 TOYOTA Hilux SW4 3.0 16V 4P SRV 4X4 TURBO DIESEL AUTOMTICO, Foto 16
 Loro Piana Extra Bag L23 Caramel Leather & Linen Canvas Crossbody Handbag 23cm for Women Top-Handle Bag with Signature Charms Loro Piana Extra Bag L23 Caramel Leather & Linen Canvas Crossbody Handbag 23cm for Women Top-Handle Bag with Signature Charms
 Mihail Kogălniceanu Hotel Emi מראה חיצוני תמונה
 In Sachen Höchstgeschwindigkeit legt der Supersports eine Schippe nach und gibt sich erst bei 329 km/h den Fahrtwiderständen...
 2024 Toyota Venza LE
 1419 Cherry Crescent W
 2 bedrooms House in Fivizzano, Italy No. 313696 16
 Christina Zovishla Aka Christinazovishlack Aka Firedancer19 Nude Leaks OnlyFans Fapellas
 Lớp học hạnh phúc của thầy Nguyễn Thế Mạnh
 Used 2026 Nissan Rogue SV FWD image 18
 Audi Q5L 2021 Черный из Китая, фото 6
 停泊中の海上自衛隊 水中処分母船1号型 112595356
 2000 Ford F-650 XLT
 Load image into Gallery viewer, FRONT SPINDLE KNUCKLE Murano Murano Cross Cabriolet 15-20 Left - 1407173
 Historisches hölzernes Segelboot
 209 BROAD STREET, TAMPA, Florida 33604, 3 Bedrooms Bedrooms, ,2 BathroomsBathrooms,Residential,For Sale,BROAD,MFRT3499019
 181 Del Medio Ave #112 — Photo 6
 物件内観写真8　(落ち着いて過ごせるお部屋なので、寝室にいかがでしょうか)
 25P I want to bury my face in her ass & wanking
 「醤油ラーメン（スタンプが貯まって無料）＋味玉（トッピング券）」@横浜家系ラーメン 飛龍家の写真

# [Work order]
A complete, exact transcription of the records is needed.

# [Reply]
 TOYOTA Hilux SW4 3.0 16V 4P SRV 4X4 TURBO DIESEL AUTOMTICO, Foto 16
 Loro Piana Extra Bag L23 Caramel Leather & Linen Canvas Crossbody Handbag 23cm for Women Top-Handle Bag with Signature Charms Loro Piana Extra Bag L23 Caramel Leather & Linen Canvas Crossbody Handbag 23cm for Women Top-Handle Bag with Signature Charms
 Mihail Kogălniceanu Hotel Emi מראה חיצוני תמונה
 In Sachen Höchstgeschwindigkeit legt der Supersports eine Schippe nach und gibt sich erst bei 329 km/h den Fahrtwiderständen...
 2024 Toyota Venza LE
 1419 Cherry Crescent W
 2 bedrooms House in Fivizzano, Italy No. 313696 16
 Christina Zovishla Aka Christinazovishlack Aka Firedancer19 Nude Leaks OnlyFans Fapellas
 Lớp học hạnh phúc của thầy Nguyễn Thế Mạnh
 Used 2026 Nissan Rogue SV FWD image 18
 Audi Q5L 2021 Черный из Китая, фото 6
 停泊中の海上自衛隊 水中処分母船1号型 112595356
 2000 Ford F-650 XLT
 Load image into Gallery viewer, FRONT SPINDLE KNUCKLE Murano Murano Cross Cabriolet 15-20 Left - 1407173
 Historisches hölzernes Segelboot
 209 BROAD STREET, TAMPA, Florida 33604, 3 Bedrooms Bedrooms, ,2 BathroomsBathrooms,Residential,For Sale,BROAD,MFRT3499019
 181 Del Medio Ave #112 — Photo 6
 物件内観写真8　(落ち着いて過ごせるお部屋なので、寝室にいかがでしょうか)
 25P I want to bury my face in her ass & wanking
 「醤油ラーメン（スタンプが貯まって無料）＋味玉（トッピング券）」@横浜家系ラーメン 飛龍家の写真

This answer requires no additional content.